→ **Your instructions**
All that should come back is the lines of the data below from the one containing "Bank kapitali qanday" to the one containing "mumkin bo'lsa-da, milliy", inclusive, exactly as they stand.

[Scraped caption text data]

=-=-=-=-=

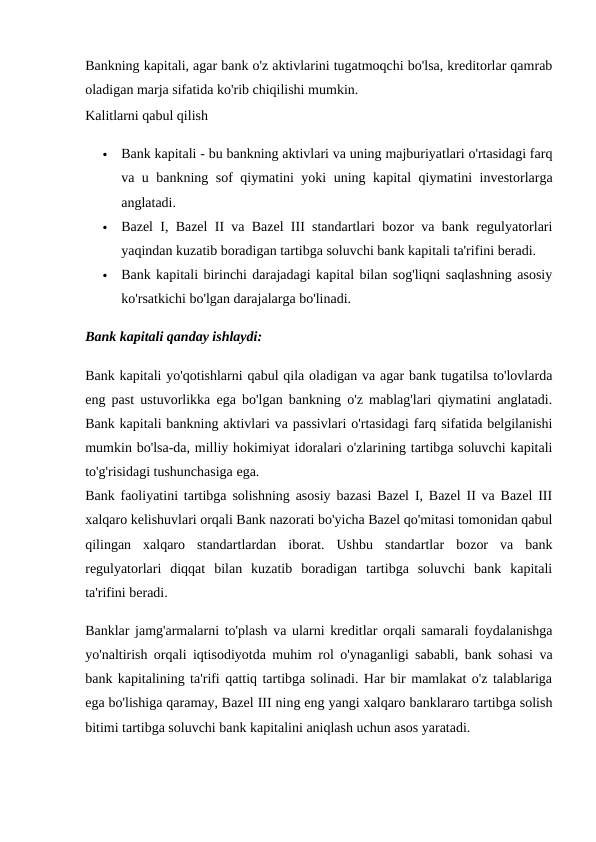 Bankning kapitali, agar bank o'z aktivlarini tugatmoqchi bo'lsa, kreditorlar qamrab
oladigan marja sifatida ko'rib chiqilishi mumkin.
Kalitlarni qabul qilish

Bank kapitali - bu bankning aktivlari va uning majburiyatlari o'rtasidagi farq
va u bankning sof qiymatini yoki uning kapital qiymatini investorlarga
anglatadi.

Bazel I, Bazel II va Bazel III standartlari bozor va bank regulyatorlari
yaqindan kuzatib boradigan tartibga soluvchi bank kapitali ta'rifini beradi.

Bank kapitali birinchi darajadagi kapital bilan sog'liqni saqlashning asosiy
ko'rsatkichi bo'lgan darajalarga bo'linadi.
Bank kapitali qanday ishlaydi:
Bank kapitali yo'qotishlarni qabul qila oladigan va agar bank tugatilsa to'lovlarda
eng past ustuvorlikka ega bo'lgan bankning o'z mablag'lari qiymatini anglatadi.
Bank kapitali bankning aktivlari va passivlari o'rtasidagi farq sifatida belgilanishi
mumkin bo'lsa-da, milliy hokimiyat idoralari o'zlarining tartibga soluvchi kapitali
to'g'risidagi tushunchasiga ega.
Bank faoliyatini tartibga solishning asosiy bazasi Bazel I, Bazel II va Bazel III
xalqaro kelishuvlari orqali Bank nazorati bo'yicha Bazel qo'mitasi tomonidan qabul
qilingan  xalqaro  standartlardan  iborat.  Ushbu  standartlar  bozor  va  bank
regulyatorlari  diqqat  bilan  kuzatib  boradigan  tartibga  soluvchi  bank  kapitali
ta'rifini beradi.
Banklar jamg'armalarni to'plash va ularni kreditlar orqali samarali foydalanishga
yo'naltirish orqali iqtisodiyotda muhim rol o'ynaganligi sababli, bank sohasi va
bank kapitalining ta'rifi qattiq tartibga solinadi. Har bir mamlakat o'z talablariga
ega bo'lishiga qaramay, Bazel III ning eng yangi xalqaro banklararo tartibga solish
bitimi tartibga soluvchi bank kapitalini aniqlash uchun asos yaratadi.
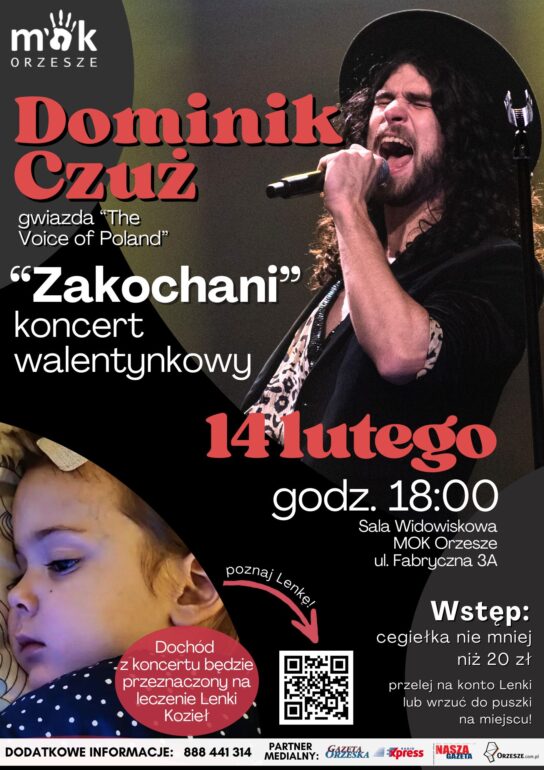 Na 14 lutego zaplanowano walentynkowy koncert charytatywny w Orzeszu. Połączy muzykę z pomocą dla 3-letniej Leny Kozieł, walczącej z nowotworem mózgu.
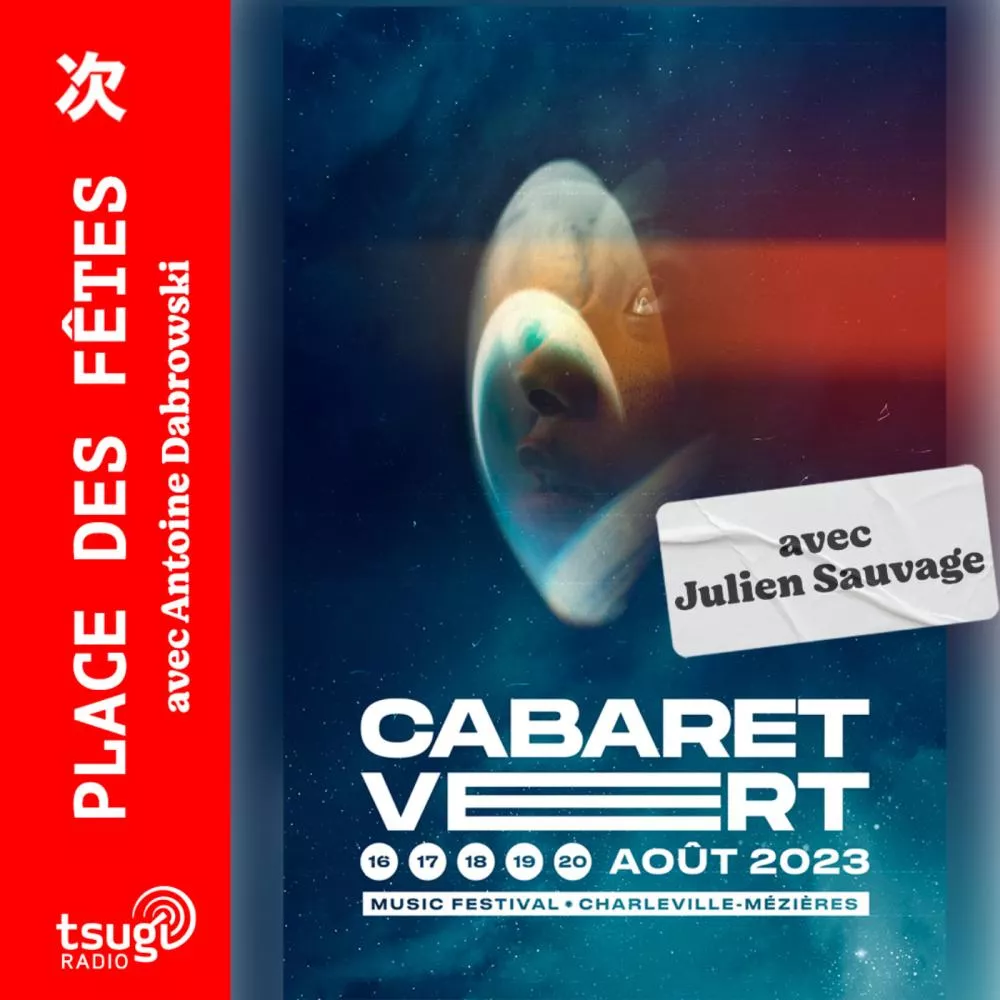 Le Mag avec Cabaret Vert, Antoine Gailhanou et Ailleurs et Autrement de Tim Dup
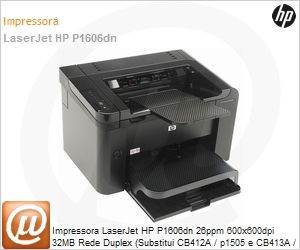 CE749A - Impressora LaserJet HP P1606dn 26ppm 600x600dpi 32MB Rede Duplex (Substitui CB412A / p1505 e CB413A / p1505n)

=-=-=-=-=

→ **Solved problem**
Bank kapitali qanday ishlaydi:
Bank kapitali yo'qotishlarni qabul qila oladigan va agar bank tugatilsa to'lovlarda
eng past ustuvorlikka ega bo'lgan bankning o'z mablag'lari qiymatini anglatadi.
Bank kapitali bankning aktivlari va passivlari o'rtasidagi farq sifatida belgilanishi
mumkin bo'lsa-da, milliy hokimiyat idoralari o'zlarining tartibga soluvchi kapitali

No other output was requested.